Discussion in 'Economics' started by scriabinop23, Dec 18, 2007.

  1. One word for this....

    AWESOME !!!!!!!!!!!!!!

    ..........................................................

    Good Post !

    Hope this is for real......

    The tough thing would be to actually sell
    it at these levels.....

    High margins....for a while...

    http://www.nanosolar.com/index.html
     
  2. I have followed this company for the last 2 years, this is the real deal. I called them up begging to let me invest, the answer was "we are fully funded at this point, try back later". Look at the list of investors, that looks like the guest list to the Oscars equivalent.
     
  3. maybe this can further clarify what they are doing , from an email to me:

    December 18, 2007
    After five years of product development – including aggressively pipelined science, research and development, manufacturing process development, product testing, manufacturing engineering and tool development, and factory construction – we now have shipped first product and received our first check of product revenue.
    We are grateful to everyone who supported us through all these years and the many occasions where there appeared to be mile-high concrete walls in our path; the unusual intensity and creativity of our team deserves all the credit for achieving this major milestone today.
    Our product is defining in more ways I can enumerate here but includes:

    - the world’s first printed thin-film solar cell in a commercial panel product;
    - the world’s first thin-film solar cell with a low-cost back-contact capability;
    - the world’s lowest-cost solar panel – which we believe will make us the first solar manufacturer capable of profitably selling solar panels at as little as $.99/Watt;
    - the world’s highest-current thin-film solar panel – delivering five times the current of any other thin-film panel on the market today and thus simplifying system deployment;
    - an intensely systems-optimized product with the lowest balance-of-system cost of any thin-film panel – due to innovations in design we have included.
    Today we are announcing that we have begun shipping panels for freefield deployment in Eastern Germany and that the first Megawatt of our panels will go into a power plant installation there.
    As far as the first three of our commercial panels are concerned:
    Panel #1 will remain at Nanosolar for exhibit.
    Panel #2 can be purchased by you in an auction on eBay starting today.
    Panel #3 has been donated to the Tech Museum in San Jose.
    [These are obviously not the first three we ever produced – we have produced loads for testing – but these are the first three of what we consider our commercial panels.]
     
  4. maxpi

    maxpi

    The state of California is building a steam engine based 550 megawatt solar power station on 7 acres. That is 1800 watts per square foot. The solar panel company is keeping actual technical details to themselves but I doubt they can come anywhere near that much power per square foot. they might be as high as 50 since they claim 5 to 10 times the previous generation's capability. They should have a huge market for new construction and retrofitting even single family homes. At 50 watts a square foot the average house in the Mojave Desert could sell lots of energy to the grid most days.

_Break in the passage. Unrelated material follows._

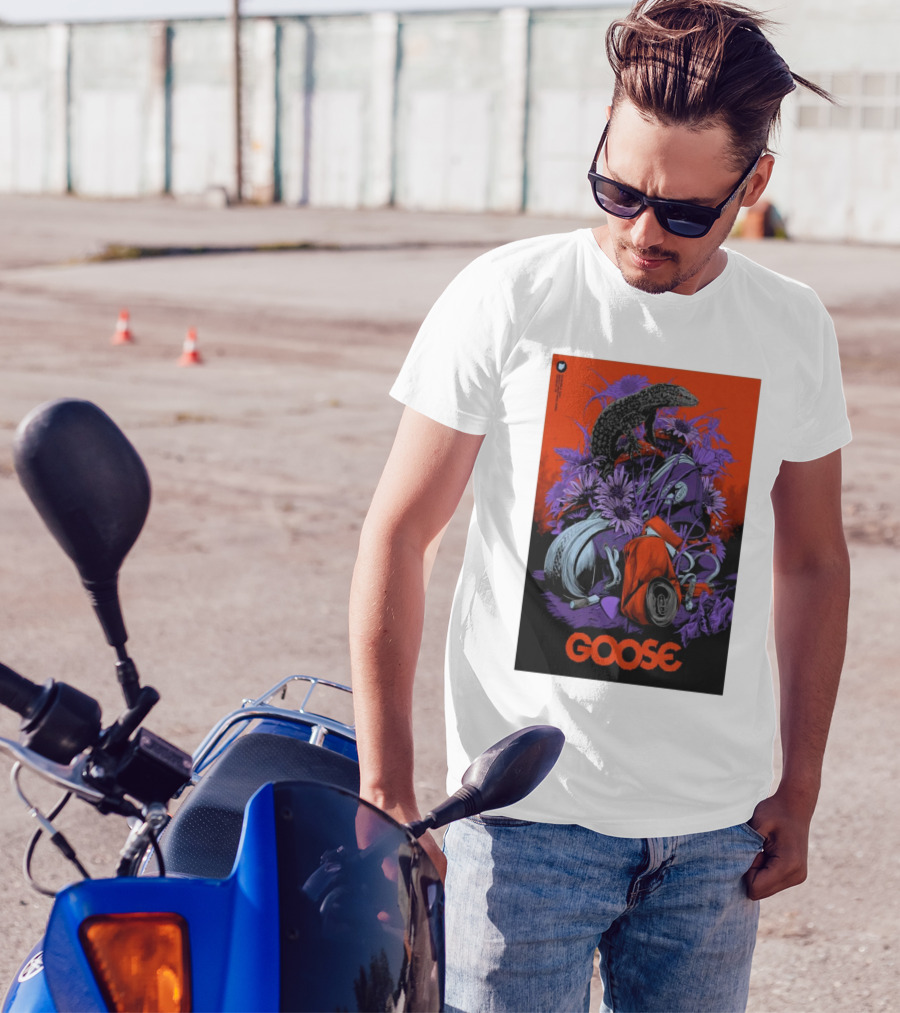 Goose Nov 8 2024 Cincinnati OH Tour Lizard On Purple Flowers T-Shirt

    Coal has to go. It is the cause of the pollution of the oceans with mercury and it spews all sorts of garbage into the air including a lot of radioactive stuff that is dredged up with the coal. If these solar panel manufacturers can keep lowering the initial cost and raising the energy density there has to be a massive wave of conversion of generation to the ubiquitous model.
     
  5. chisel

    chisel

  6. Because they have no product for over a year.

    Many companies over the last 5 years making claims of this and that but no significant amount of product ever gets delivered. Like Daystar Technologies.
     
  7. The panels can produce .99c per watt solor under ideal conditions, which would be 3 to 4 hours per day in the right (desert) environment.

    You still have your infastructure costs in building a solar farm, such as land and connecting to the grid. Plus systems for controlling output as well as administation and business operation costs.

    If the panels are to be used for domestic purposes you have installation costs, back up batteries or expensive electrical systems to integrate into the home power supply andsend electricity back to the grid.

    The real cost is probably closer to 6c -7c per kwh.

    We're getting there though. i read a report that said solar efficiency is improving at such a rate that it will make coal look expensive within ten years. We're talking 3c - 4c wholesale.

    Runningbear
     
  8. We could end up using this stuff as roofing material or something :) Imagine a home's roof covering topped entirely with this economical "printed" solar film technology. That would give enough power to reduce electric costs sizeably.
     
  9. I suspect manufacturing solar panels is cheaper in China than USA, Canada or Europe so it is the Chinese solar companies that are likely to grow the solar business.